Pep Guardiola said his team needed to play with their hearts and their heads but they failed to activate the latter – and they also lacked legs.
It only took five minutes for Barcelona to expose Bayern’s deficiencies. Ivan Rakitic left poor Xabi Alonso panting in his wake as he scampered unhindered into the box to collect a through-ball from Dani Alves. Manuel Neuer saved but it was clear that Barcelona would be back unless Bayern found a way to conceal their fragility and immobility.
Perhaps they were counting on Barcelona being even more brittle at the back? In which case Mehdi Benatia’s goal in the seventh minute, thanks to negligent marking by Barcelona, merely hardened Bayern’s misguided ways.
It was not magical technique so much as shrewd thinking that enabled Barcelona to equalise eight minutes later.
Lionel Messi, a poet of a player with a gift for composing serenely amid hasty throngs, drifted into solitude 30 yards out and bisected Bayern’s static defence with a straight-line pass. Benatia, having figured out too late where Luis Suárez had got to, ran back like a man who suddenly realised he had left his front door wide open but had no chance of catching the Uruguayan. Neuer also had no chance of giving his team-mates another reprieve when Suárez showed the presence of mind to circumvent him with an unselfish pass to Neymar, who had expertly exploited the offside law’s bias in forwards’ favour.
Barcelona did not need to be particularly smart to end the final argument.

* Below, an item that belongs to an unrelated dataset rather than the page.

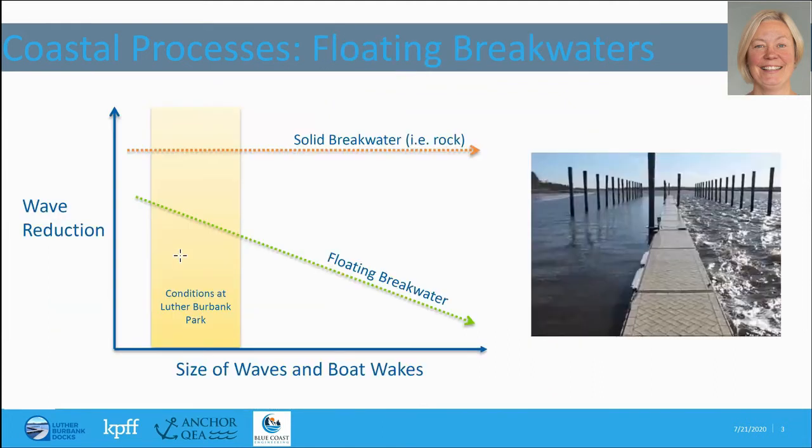Floating breakwaters work a little differently than a solid breakwater such as a rock jetty that people may be more familiar with. Rock jetties stop most all wave energy from getting through them, so waves behind a rock jetty are relatively non-existent. It's very calm, and no matter what size the waves are or how long the wave period, it treats all of them the same and stops wave energy from getting through for both small and very large waves.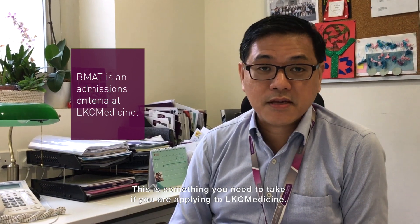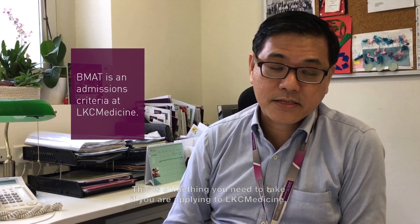The BMAT is the Biomedical Admissions Test. This is something that you need to take if you are applying to LKC Medicine. It helps us to choose candidates for a demanding medical course in LKC Medicine.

The only way in which Messi needed to use his head in the 29th minute was to flick the ball on in midfield as Benatia and Bastian Schweinsteiger again lost their bearings.
Suddenly Suárez was clean through, just as he had been from a similar flick-on early in the first leg – Neuer rescued Bayern on that occasion with a fabulous close-range save – this time Suárez did not give the goalkeeper an opportunity to do so, swinging the ball across to Neymar, who had time to take it down and find the net from 10 yards.
The only merciful aspect about the extent to which Bayern’s backline was off the pace was that Jérôme Boateng was barely in camera shot every time Barcelona raced through the Bayern defence and was thus spared the indignity of being the unwitting star of another internet meme featuring a floundering Bayern defender.
That dishonour fell instead to Benatia, although, in fairness, the delicious reverse flick with which Suárez baffled him in the 33rd minute would have thrown even Sherlock Holmes off the scent, being a diversion so fiendishly brilliant it was part Messi, part Moriarty.
Barcelona were at times magnificent, but it was inexcusable for a club of Bayern’s stature and a manager of Guardiola’s obsession with detail that at time they looked like a rabble. A shame in the other sense too, since much of their attacking play was admirable, though it was fitting that in the first half that the best of it came from a player reared in Barcelona.
What a pity that both of Thiago Alcântara’s delightful runs were followed by lame finishes, first from Robert Lewandowski and then from Thomas Müller.
Both of those players did generally play well, however, and were rewarded with goals in the second half.
True, Barcelona had begun winding down by that stage, but Javier Mascherano would be kidding no one if he tried to claim he was not doing his utmost to stop Lewandowski when the Pole bamboozled him by rolling the ball this way and that before curling it into the net from the edge of the area.
Arjen Robben and Franck Ribéry would likely have augmented Bayern’s attack but Guardiola’s side created plenty of chances anyway, and the headless and legless way they defended in both games suggested that the injuries to David Alaba and Holger Badstuber were more significant, along with a defective plan.